Based on the minutes of the meeting released by the FOMC, it appears like the bond buying (QE3) program will end in 2013.  If that were to happen it is possible that it will nudge the bonds (Treasuries, Corporate, even Junk) downwards.  This in turn will cause the yields on them to rise.  Most likely the bank/CU deposits will rise with a small amount (weeks/months) of time lag. 

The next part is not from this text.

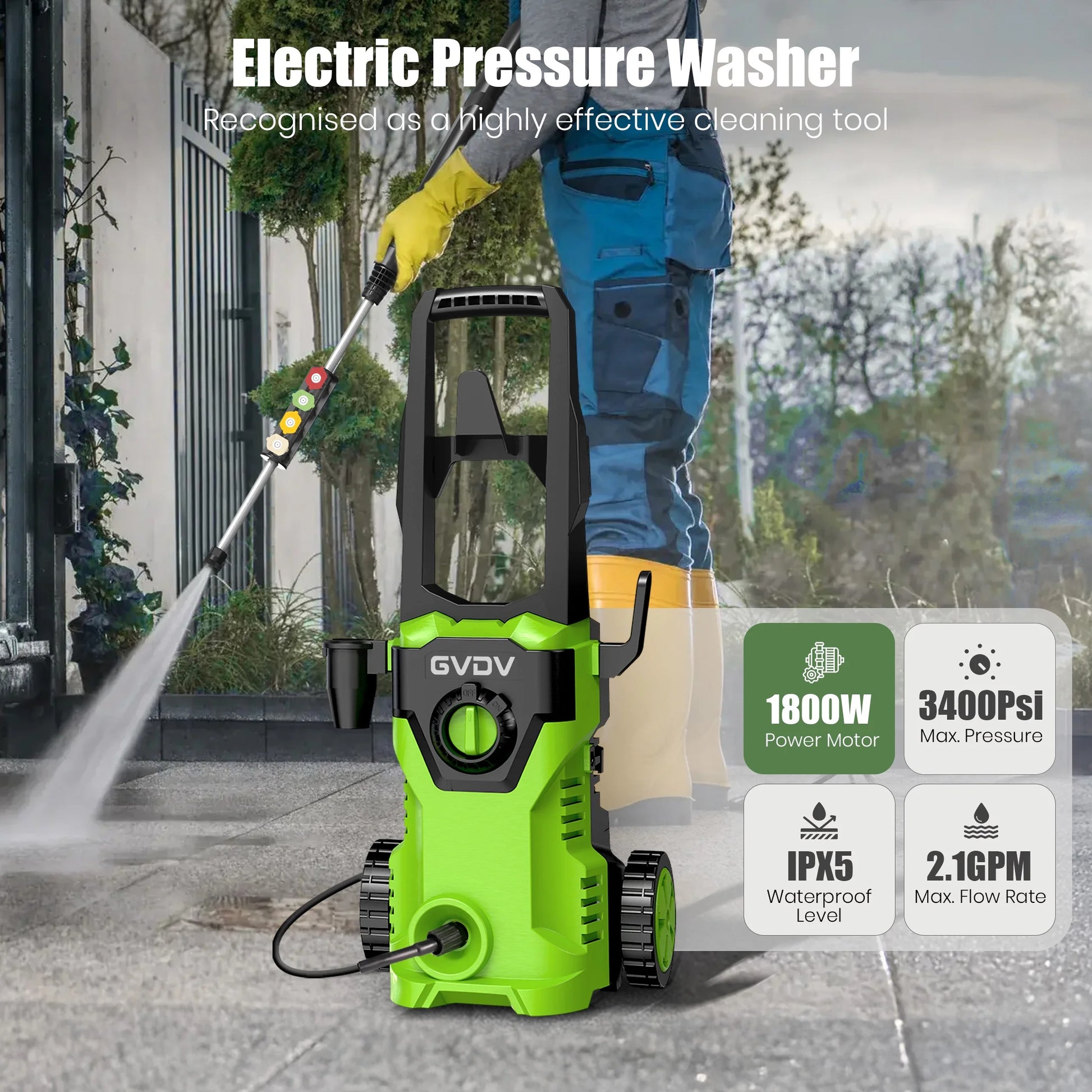 GVDV Electric Pressure Washer, 3400 PSI 2.1 GPM with Foam Cannon & 5 Nozzles, 26.4ft Cord & 24.6ft Hose Power Washer for Patios, Cars, Decks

At this point most of this speculation and guess.  As we move past the second/third quarter of 2013, the intereim events, and additional data perhaps will turn what is speculation presently, into a reality of the future.

Yours Truly,
  |     |   Comment #9
Anonymous - #8: There is a difference in having an opinion on policy and being mean-spirited.  We all wish our country well but differ on how to get there.
  |     |   Comment #43
I enjoy "annoying", "irritating" & "amusing" on occasion as well.  But I do it in general & don't target individual posters. For whatever reason Yours Truly continuously targets every single thing Paoli2 says. It's bizarre & distateful even for someone like myself who can see humor round most corners.
  |     |   Comment #46
#43............Oh yes, let us all talk about rates increasing from 0.55 to 0.60%. That is truly exciting! If all who enjoyed "annoying", "irritating" & "amusing", etc. took it to a social networking site as you put it, readership here would plummet. Look around you, there is very little else to talk about. Besides, as a collection of people, the readers here are really easy to annoy, irritate & be amused by,.............so why look anywhere else. :)
  |     |   Comment #44
Why don't all of you who enjoy "annoying", "irritating" & "amusing", etc. take it to a social networking site and leave this one to Ken's subject matter:  Deposit Accounts?  Or where you all banned from those sites and have no friends?
  |     |   Comment #47
I can't think what I could have said to have 2 of my comments removed.